I remember from my early days as a recycling coordinator in Virginia the stress of finding outlets that would accept the recyclables from our curbside recycling programs. Plenty of sleepless nights.
Like most industries, the recycling industry has business cycles that go up and down but even the “ups” these days for some of the materials collected just means that the processor is willing to take it for free — and the downs is seeing the recyclables end up in landfills.
There’s not a lot we can do locally about global markets but we can do our part to make sure to provide as “contaminant free” recyclables as possible.
In market times like this even the slightest trash mixed in the recyclables will cause the secondary users to reject the materials so it’s a good time to be overly zealous in following the rules on our recycling bins.

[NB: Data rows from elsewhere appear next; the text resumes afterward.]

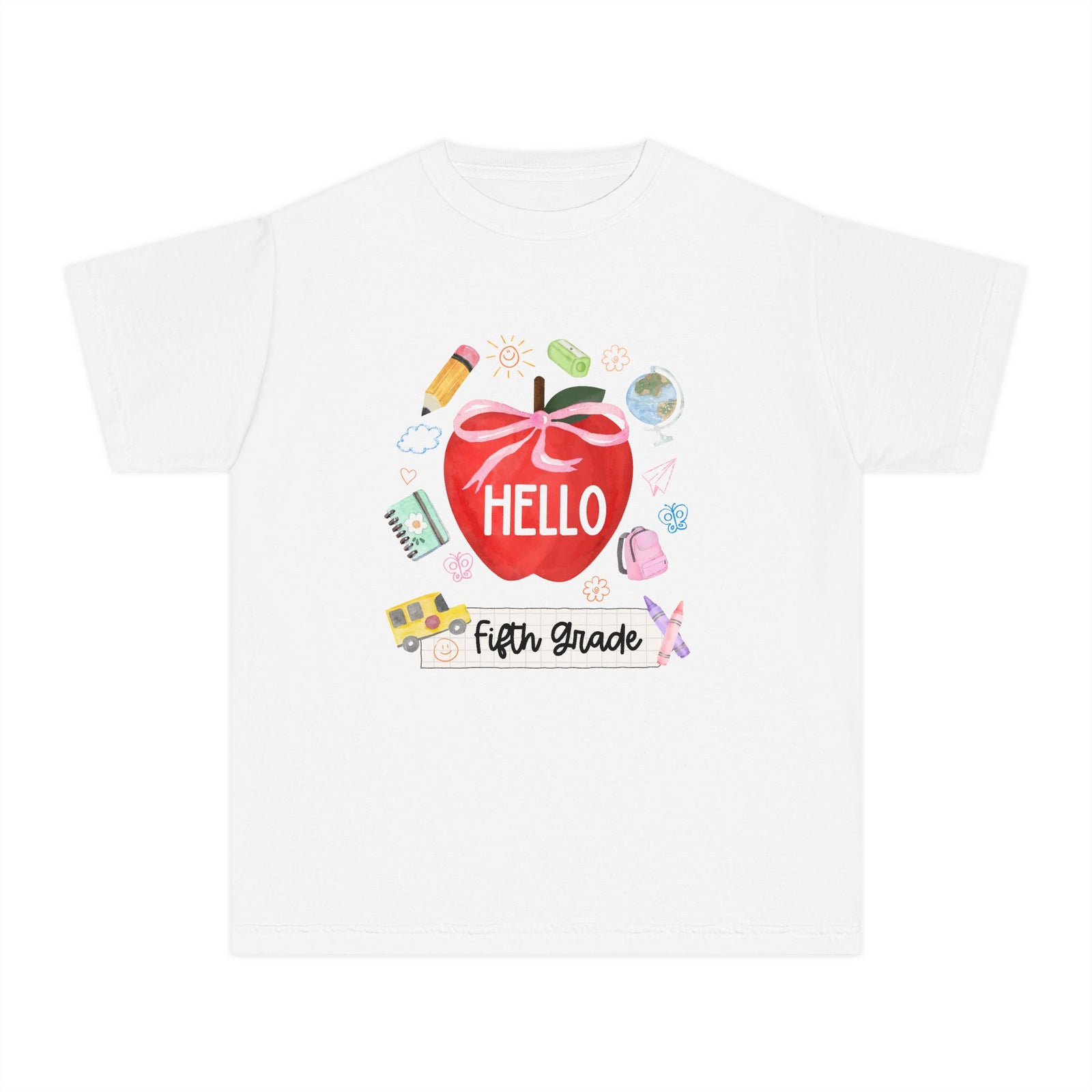 Hello Fifth Grade Preppy Coquette Apple Graphic Tee Back to School 5th Grade T-Shirt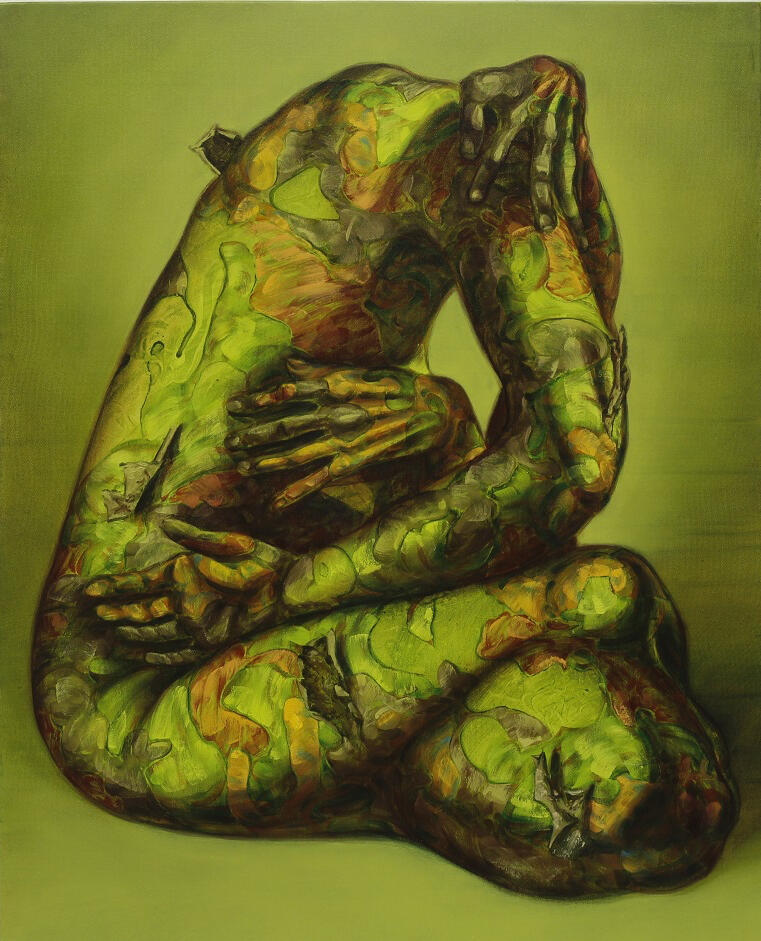 green shape / 80 x 65 cm / oil on canvas / 2022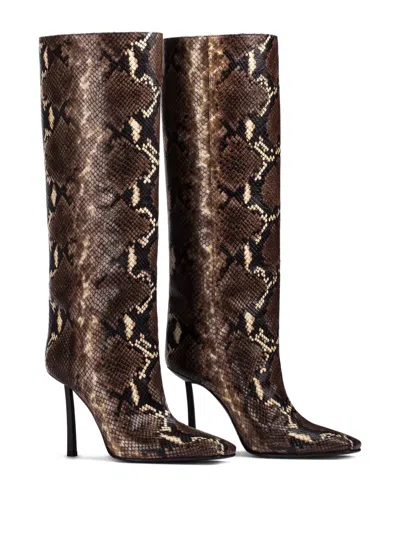 Le Silla 110mm Snake Print-leather Stiletto Boots In Brown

The City of Kent has a contract with Portage County Solid Waste District (“Portage Recycles”) to run the City’s recycling programs — and Bill Steiner, the Executive Director is the guy with the sleepless nights worrying about moving his product.
Here’s a recent appeal from Bill that he sent around to his “suppliers” — all of the cities that rely on Portage County recycling.
EMAIL FROM BILL STEINER:
Below you will find a link to a recent news video that was on the NBC Nightly news. Please share this email and information with your colleagues. It is very important that the recyclables collected by the District have as few contaminates as possible. We are in the process of preparing a new education and awareness campaign for the residents of Portage County.
Attached (in the link below) is a news article that recently ran in Tacoma Washington that was sent to me by my counterpart. This is a very good indicator of what is happening as a result of the initiatives in the newest Environmental policies in China. Prior to January 2018, the U.S. contributed 40% of all recyclable material processed in China. With their reduction in allowable contaminants and recent ban on mixed plastics and mixed paper, the processing centers throughout North America are struggling to clean up the material collected from many curbside programs as well as continuing to find markets that will accept it.
This message has become our reality.